We apply significant judgment in evaluating our tax positions and estimating our provision for income taxes. During the ordinary course of business, there are many transactions and calculations for which the ultimate tax determination is uncertain. The actual outcome of these future tax consequences could differ significantly from our estimates, which could impact our financial position, results of operations and cash flows.
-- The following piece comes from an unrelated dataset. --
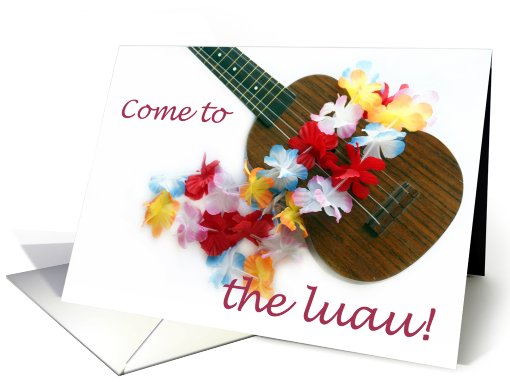Come to a Luau card (469835)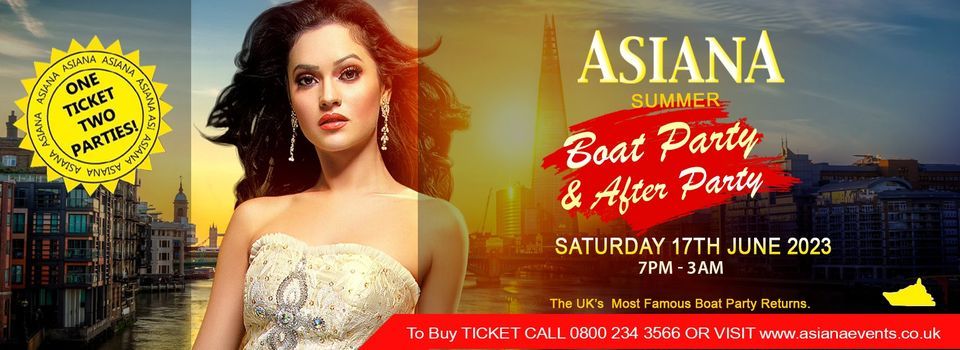 Asiana Summer Boat Party on the London Pearl With Rooftop Bar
We also account for uncertainty in income taxes recognized in the financial statements in accordance with GAAP by prescribing a recognition threshold and measurement attribute for a tax position taken or expected to be taken in a tax return. Authoritative guidance for accounting for uncertainty in income taxes requires that we recognize the financial statement benefit of a tax position only after determining that the relevant tax authority would more likely than not sustain the position following an audit. For tax positions meeting the more-likely-than-not threshold, the amount recognized in the financial statements is the largest benefit that has a greater than 50% likelihood of being realized upon ultimate settlement with the relevant tax authority.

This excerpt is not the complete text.